Velocity Reviews

Velocity Reviews (http://www.velocityreviews.com/forums/index.php)
-   Python (http://www.velocityreviews.com/forums/f43-python.html)
-   -   puzzled by name binding in local function (http://www.velocityreviews.com/forums/t957306-puzzled-by-name-binding-in-local-function.html)

Ulrich Eckhardt 02-05-2013 03:18 PM

puzzled by name binding in local function
 
Hello Pythonistas!

Below you will find example code distilled from a set of unit tests,
usable with Python 2 or 3. I'm using a loop over a list of parameters to
generate tests with different permutations of parameters. Instead of
calling util() with values 0-4 as I would expect, each call uses the
same parameter 4. What I found out is that the name 'i' is resolved when
Foo.test_1 is called and not substituted inside the for-loop, which
finds the global 'i' left over from the loop. A simple "del i" after the
loop proved this and gave me an according error.
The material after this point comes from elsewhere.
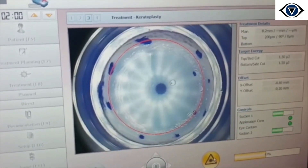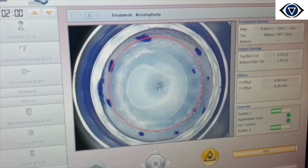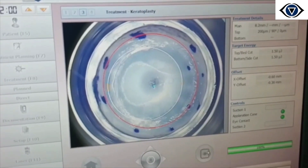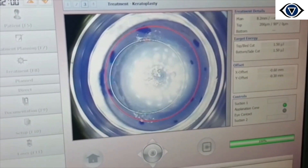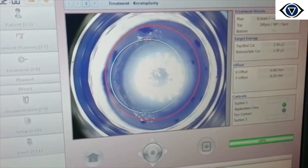The harvested inlay graft was stored on a Teflon block submerged in a few drops of balanced saline solution.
Now, I'm still not sure how to best solve this problem:
* Spell out all permutations is a no-go.
* Testing the different iterations inside a single test, is
inconvenient because I want to know which permutation exactly fails and
which others don't. Further, I want to be able to run just that one
because the tests take time.
* Further, I could generate local test() functions using the current
value of 'i' as default for a parameter, which is then used in the call
to self.util(), but that code is just as non-obviously-to-me correct as
the current code is non-obviously-to-me wrong. I'd prefer something more
stable.


Any other suggestions?

Thank you!

Uli


# example code
from __future__ import print_function
import unittest

class Foo(unittest.TestCase):
def util(self, param):
print('util({}, {})'.format(self, param))

for i in range(5):
def test(self):
self.util(param=i)
setattr(Foo, 'test_{}'.format(i), test)

unittest.main()

Dave Angel 02-05-2013 06:07 PM

Re: puzzled by name binding in local function
 
On 02/05/2013 10:18 AM, Ulrich Eckhardt wrote:
> Hello Pythonistas!
>
> Below you will find example code distilled from a set of unit tests,
> usable with Python 2 or 3. I'm using a loop over a list of parameters to
> generate tests with different permutations of parameters. Instead of
> calling util() with values 0-4 as I would expect, each call uses the
> same parameter 4. What I found out is that the name 'i' is resolved when
> Foo.test_1 is called and not substituted inside the for-loop, which
> finds the global 'i' left over from the loop. A simple "del i" after the
> loop proved this and gave me an according error.
>
> Now, I'm still not sure how to best solve this problem:
> * Spell out all permutations is a no-go.
> * Testing the different iterations inside a single test, is
> inconvenient because I want to know which permutation exactly fails and
> which others don't. Further, I want to be able to run just that one
> because the tests take time.
> * Further, I could generate local test() functions using the current
> value of 'i' as default for a parameter, which is then used in the call
> to self.util(), but that code is just as non-obviously-to-me correct as
> the current code is non-obviously-to-me wrong. I'd prefer something more
> stable.
>
>
> Any other suggestions?
>
> Thank you!
>
> Uli
>
>
> # example code
> from __future__ import print_function
> import unittest
>
> class Foo(unittest.TestCase):
> def util(self, param):
> print('util({}, {})'.format(self, param))
>
> for i in range(5):
> def test(self):
> self.util(param=i)
> setattr(Foo, 'test_{}'.format(i), test)
>
> unittest.main()


There is only one instance of i, so it's not clear what you expect.
Since it's not an argument to test(), it has to be found in the closure
to the function. In this case, that's the global namespace. So each
time the function is called, it fetches that global.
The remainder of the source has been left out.